À cet égard, l’ac­tiv­ité de ges­tion de Fond de fonds est un seg­ment à part entière de l’é­cosys­tème du Pri­vate Equi­ty. L’in­térêt en est évi­dent : en investis­sant dans des fonds plutôt que directe­ment dans des entre­pris­es, vous démul­ti­pliez votre portée d’ac­tion et pou­vez facile­ment opér­er des allo­ca­tions dans votre stratégie de diver­si­fi­ca­tion, tant en ter­mes de secteur que de géo­gra­phie ou de taille d’entreprises.

C’est une ten­dance lourde qui traduit une évo­lu­tion pro­fonde vers des modes de fonc­tion­nement tou­jours plus sophis­tiqués.
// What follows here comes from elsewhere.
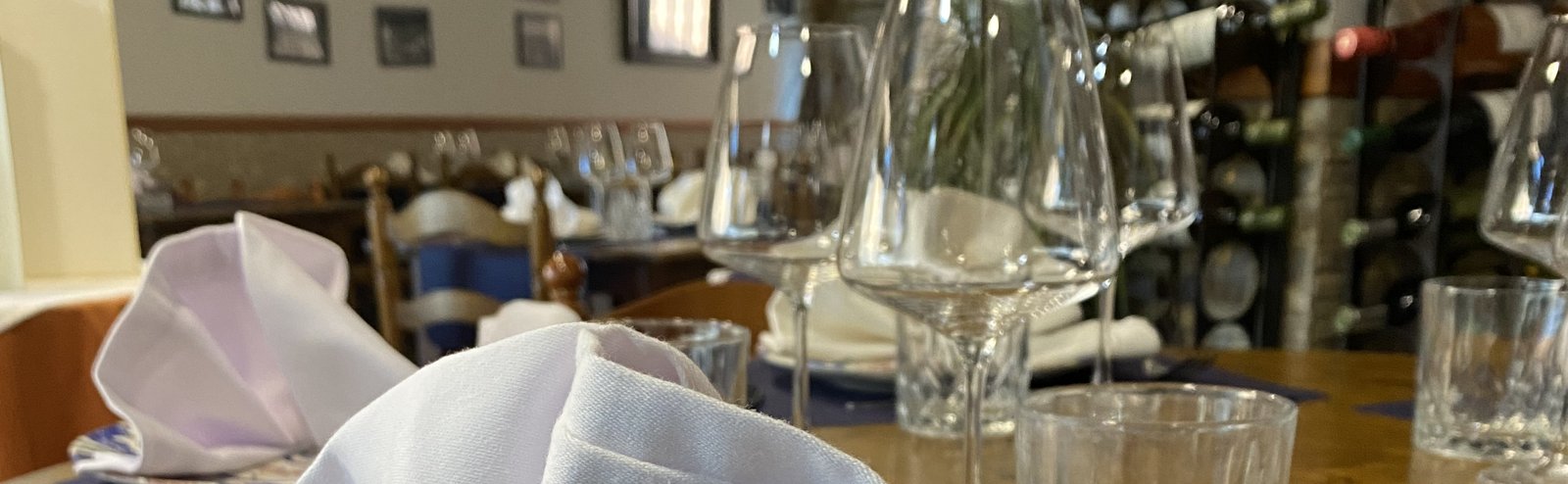 Mesa vestida en la sala de La Vaquería, con la bodega al fondo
Cette évo­lu­tion per­met de mieux sup­port­er les exi­gences des marchés, leur crois­sance, et les con­traintes du lég­is­la­teur. Elle per­met égale­ment d’op­ti­miser l’u­til­i­sa­tion des cap­i­taux ain­si que les ser­vices ren­dus in fine tant aux investis­seurs qu’aux entreprises.

D’une activ­ité arti­sanale il y a une ving­taine d’an­nées, le Pri­vate Equi­ty est devenu un sys­tème com­plète­ment pro­fes­sion­nal­isé et cod­i­fié, avec des acteurs spé­cial­isés, des out­ils sophis­tiqués et des exi­gences tou­jours plus fortes :

  • dans la réal­i­sa­tion des investissements

Les act­ifs sont plus diver­si­fiés, les porte­feuilles intè­grent une part crois­sante d’ac­t­ifs immo­biliers ou de fonds alter­nat­ifs avec des straté­gies d’al­lo­ca­tion et d’ar­bi­trage complexes.
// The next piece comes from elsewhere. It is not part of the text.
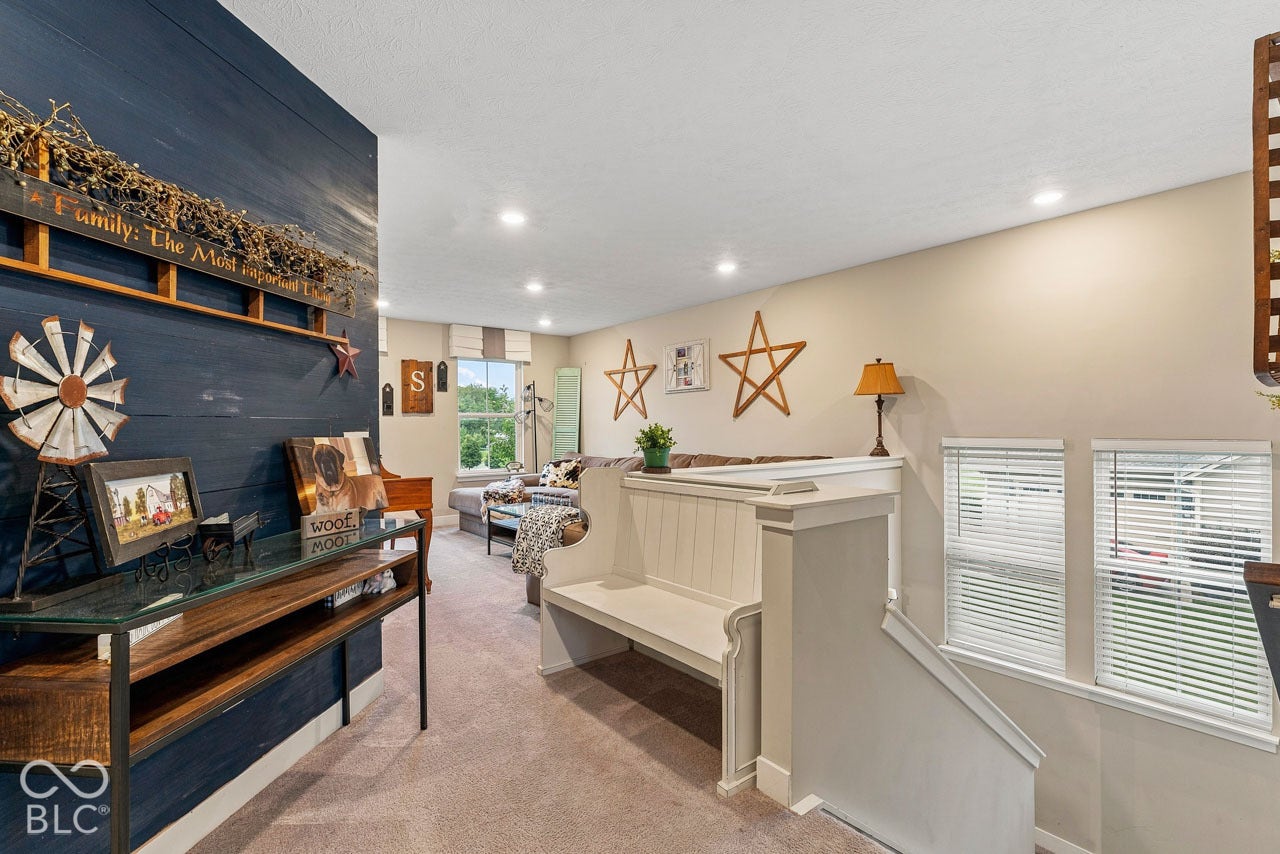 Recessed lighting illuminates the carpeted flooring and light-toned walls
Les mon­tages financiers sont struc­turés de manière de plus en plus fine, avec des inter­ven­tions non seule­ment en actions, oblig­a­tions, titres con­vert­ibles et autres BSA, ORABSA, OCABSA, mais aus­si des finance­ments à plusieurs étages de sociétés, de dette senior ou mez­za­nine, simul­tané­ment dans la fil­iale indus­trielle et dans la holding.

Devant la com­péti­tion crois­sante, la recherche des act­ifs cibles d’in­vestisse­ment devient égale­ment un enjeu stratégique, et tous les out­ils de veille, de col­lecte d’in­for­ma­tion et d’analyse sont autant d’atouts procu­rant un avan­tage compétitif.

  • dans les véhicules pro­posés aux investisseurs

Les fonds ont été con­duits à sophis­ti­quer et à struc­tur­er plus fine­ment les véhicules d’in­vestisse­ments. C’est ain­si qu’il est désor­mais mon­naie courante de trou­ver aus­si bien :

  1. des fonds à com­par­ti­ments, com­posés de plusieurs véhicules juridiques dif­férents per­me­t­tant de respecter les con­traintes légales et régle­men­taires des dif­férents investis­seurs, mais partageant le même porte­feuille d’investissements,
  2. des fonds nourriciers des­tinés à ali­menter automa­tique­ment dif­férents fonds et investisse­ments à par­tir d’une stratégie d’al­lo­ca­tion prédéfinie,
  3. des struc­tures de fonds de fonds spécialisés,
  4. des straté­gies d’in­vestisse­ment ” à la carte ” dans les fonds par des mécan­ismes d’opt-in, opt-out,
  5. des fonds à plusieurs class­es d’actifs ;
     
  • dans le suivi et l’exécution

Les fonds sont forte­ment encadrés par des con­traintes régle­men­taires et lég­isla­tives, notam­ment dans le cadre des procé­dures de lutte anti-blanchi­ment. Ce sont toutes les procé­dures AML (Anti-Mon­ey Laun­der­ing) et KYC (Know Your Cus­tomer) qui sont mis­es en place pour s’as­sur­er de la prove­nance et du car­ac­tère licite des fonds investis ain­si que de l’i­den­tité réelle des investisseurs.

Le con­trôle de la con­duite des opéra­tions est égale­ment extrême­ment strict : procé­dures de traça­bil­ité, de con­trôle per­ma­nent de respect des ratios, de con­for­mité régle­men­taire, de val­i­da­tion multiniveaux.

Enfin, le besoin de trans­parence et d’in­for­ma­tion des investis­seurs con­duit à la mise en place de report­ings de plus en plus com­plets et sophis­tiqués, à une fréquence accrue. D’un rap­port annuel som­maire, on est passé à la pro­duc­tion trimestrielle de report­ings détaillés.

Dans ce cadre, l’ap­port de sys­tèmes d’in­for­ma­tion sophis­tiqués inté­grant l’ensem­ble de la chaîne de traite­ment et asso­ciant l’ensem­ble des acteurs ne relève plus seule­ment du sim­ple con­fort, mais bien d’une néces­sité vitale.